Popularitas tato beberapa tahun belakangan ini kian meningkat. Tahun 2015 lalu, survei dari YouGov menyatakan, jika 19 persen penduduk dewasa Inggris memiliki tato. (Baca : Turis Bertato Dibatasi Mandi di Onsen, Jepang)
Sementara itu, survei terbaru dari Amerika Serikat mengklaim jika 29 persen penduduk AS setidaknya memiliki satu tato di tubuhnya, jumlah tersebut naik 21 persen dari empat tahun lalu. Namun, di samping peningkatan jumlah orang yang menato tubuhnya, tak sedikit orang yang menyesal telah merajah tubuhnya dengan seni tato.

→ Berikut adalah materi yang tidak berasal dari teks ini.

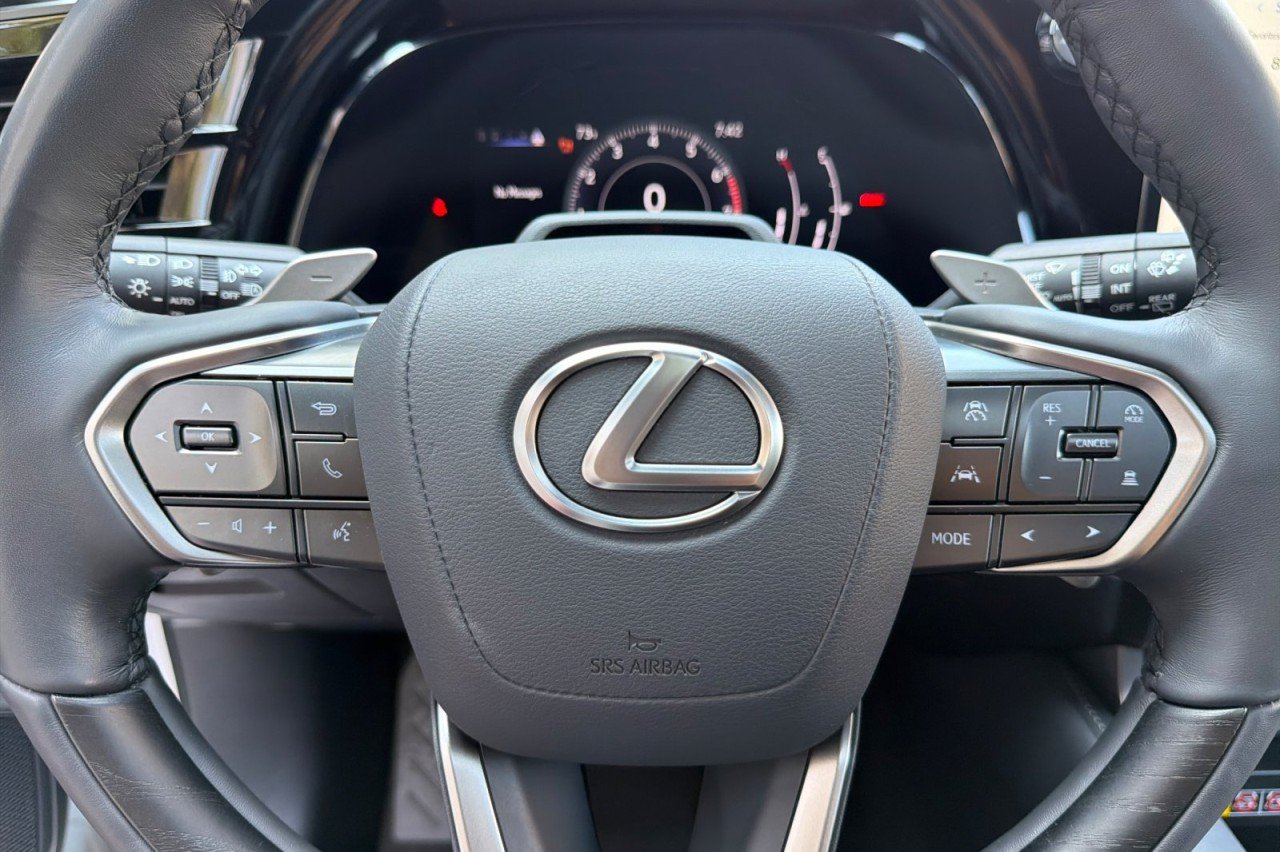 Used 2024  Lexus RX 350 image 22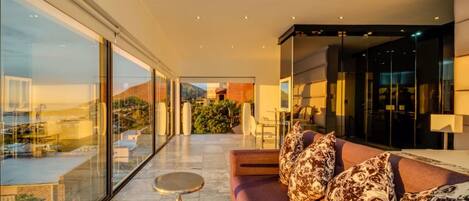 Villa | 6 soveværelser, skrivebord, internet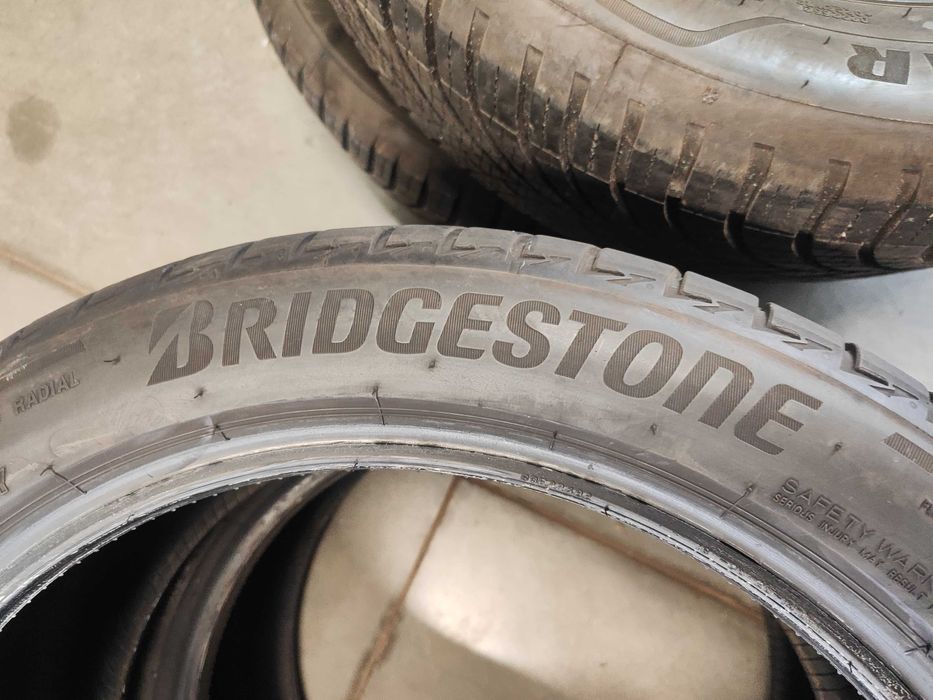 2бр.летни гуми 225/45/18 Bridgestone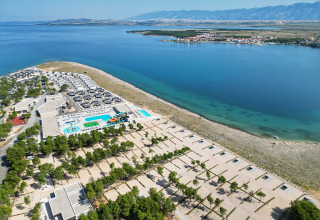 Luftaufnahme vom Aminess Style Camping Avalona Resort an der Küste mit Pools und Meerblick in Zadar, Kroatien.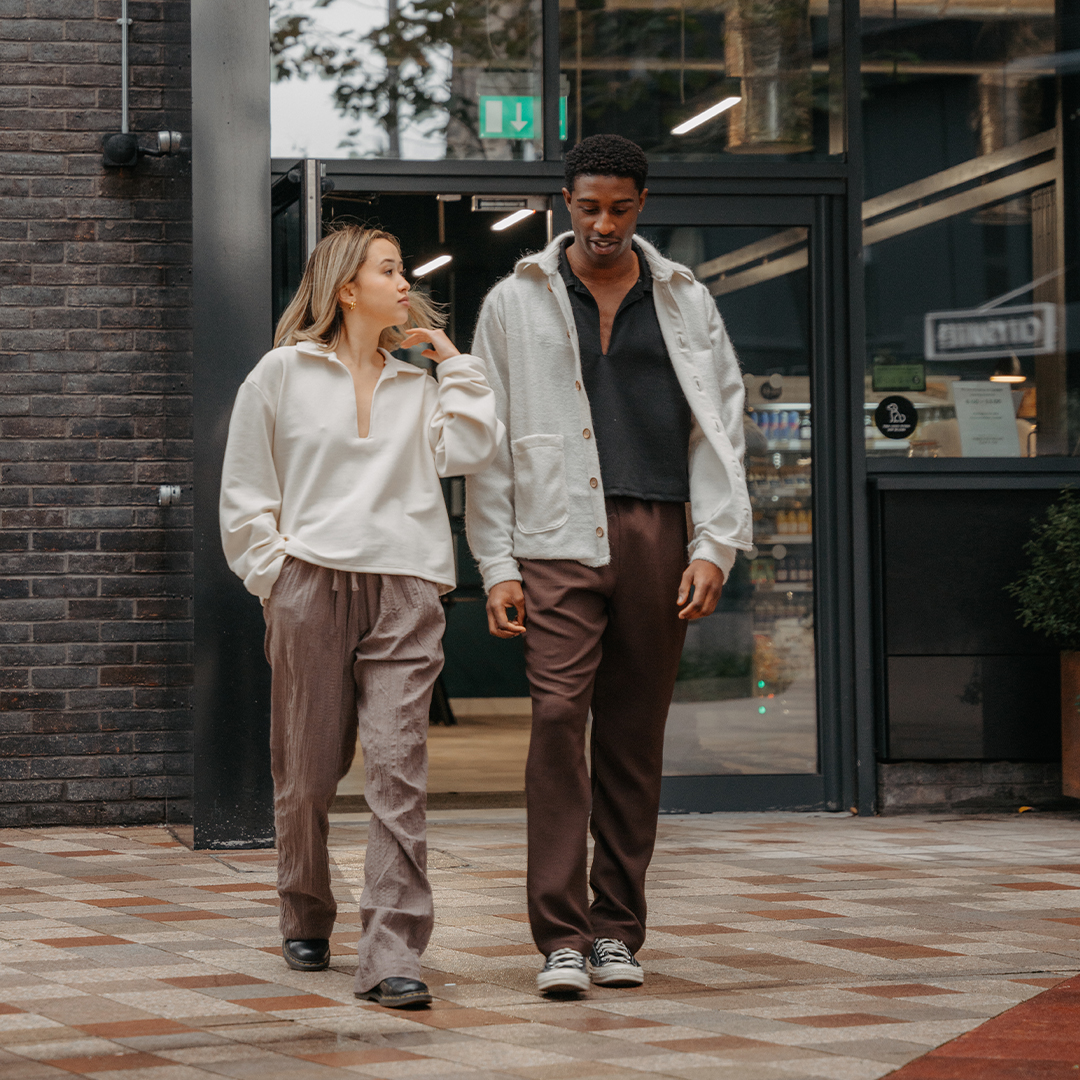 Embankment Cafe - the ideal place for a coffee stop before your Christmas shopping begins☕️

Sebab, sebanyak 14 persen penduduk Inggris yang menato tubuhnya mengaku mereka menyesal. Lalu, lebih kurang 23 persen penduduk AS yang memiliki tato berharap tatonya dapat segera dihapus.

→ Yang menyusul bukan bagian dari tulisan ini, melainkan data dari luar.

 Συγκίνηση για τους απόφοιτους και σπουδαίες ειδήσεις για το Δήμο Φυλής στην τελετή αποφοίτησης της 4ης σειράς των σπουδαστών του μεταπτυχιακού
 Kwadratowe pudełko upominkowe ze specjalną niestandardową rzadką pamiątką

Menurut Prof Viren Swami dari Anglia Ruskin University, ada beberapa alasan mengapa seseorang ingin menghapus tato di tubuhnya. Pertama, mereka menghadapi tahapan hidup baru, misalnya, ingin melamar ke profesi tertentu atau memiliki kekasih baru, dan lainnya. Kedua, faktor estetika. Ternyata, banyak orang seiring usia menyesal akan pemilihan grafis atau desain tato yang dibuat semasa muda.

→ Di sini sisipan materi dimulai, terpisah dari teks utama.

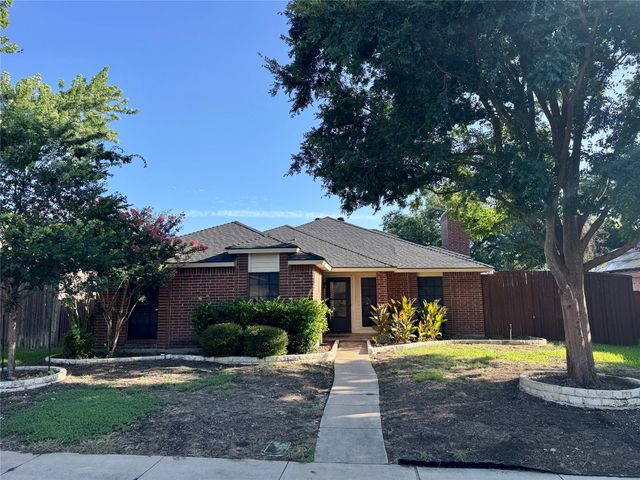 979 Mauve Drive, Lewisville, TX 75067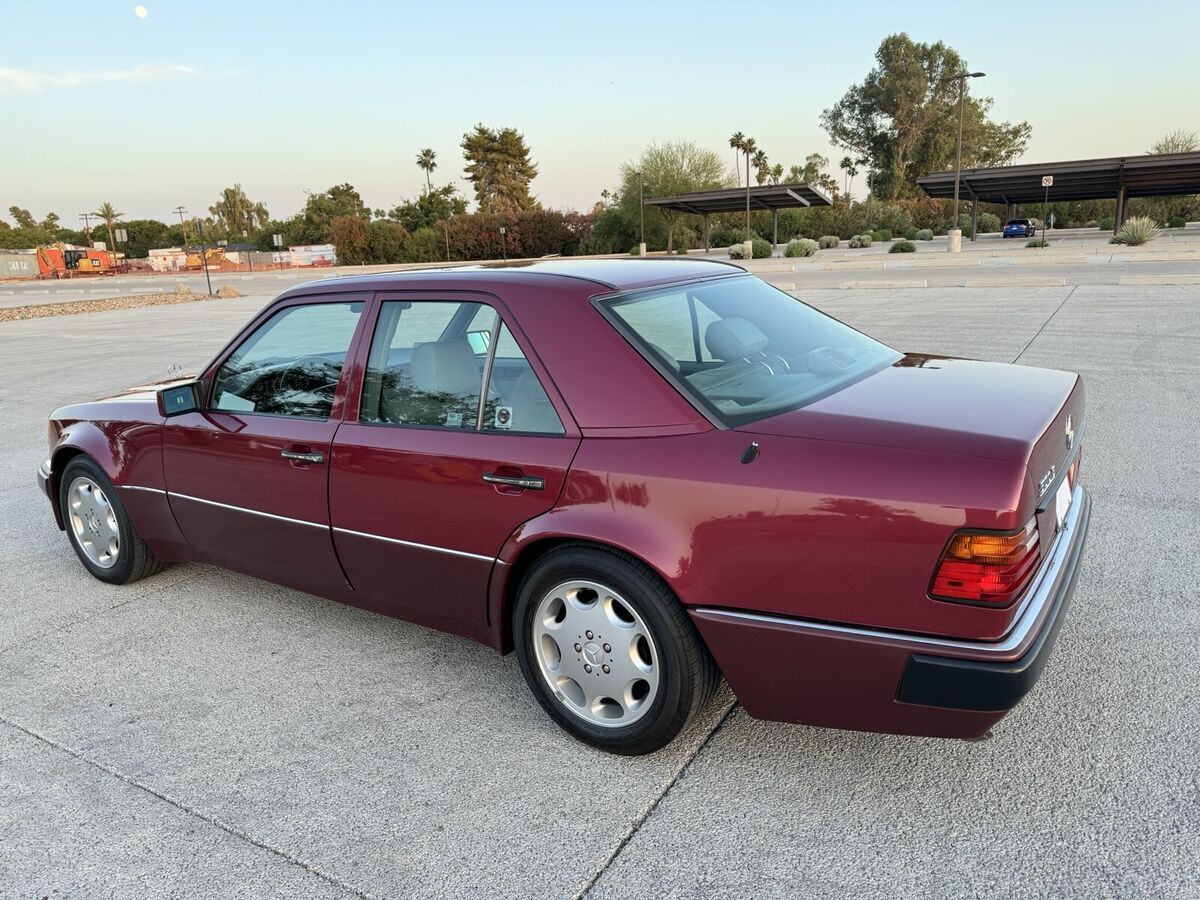 1992 Mercedes-Benz 500-Series E - photo 6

Terakhir, faktor perubahan. Prof Swami mengatakan, "Mungkin saja seseorang membuat tato sebagai simbol hidupnya yang sulit, dan kini mereka tak ingin mengingat masa lalu. Mereka kini adalah orang yang berbeda dengan yang dulu,".
Seorang yang menyesali tatonya adalah wanita bernama Tass Cambitzi. Dia memiliki 18 tato dan sekarang sedang dalam proses menghapus seluruh tatonya. Cambitzi mengaku, tato yang dibuatnya semasa remaja banyak dibuat secara impulsif.
"Ini menghabiskan banyak hal secara emosional, fisik, dan finansial," ujar Cambitzi tentang proses penghapusan tatonya. (Baca pula : Tato yang Bermanfaat Bagi Kulit)
Kulit Cambitzi melepuh setelah proses laser penghilang tato, dari tingkat kesakitan satu sampai 10, Cambitzi menyebut.Rasa sakit dari proses menghapus tato berada di tingkat 11.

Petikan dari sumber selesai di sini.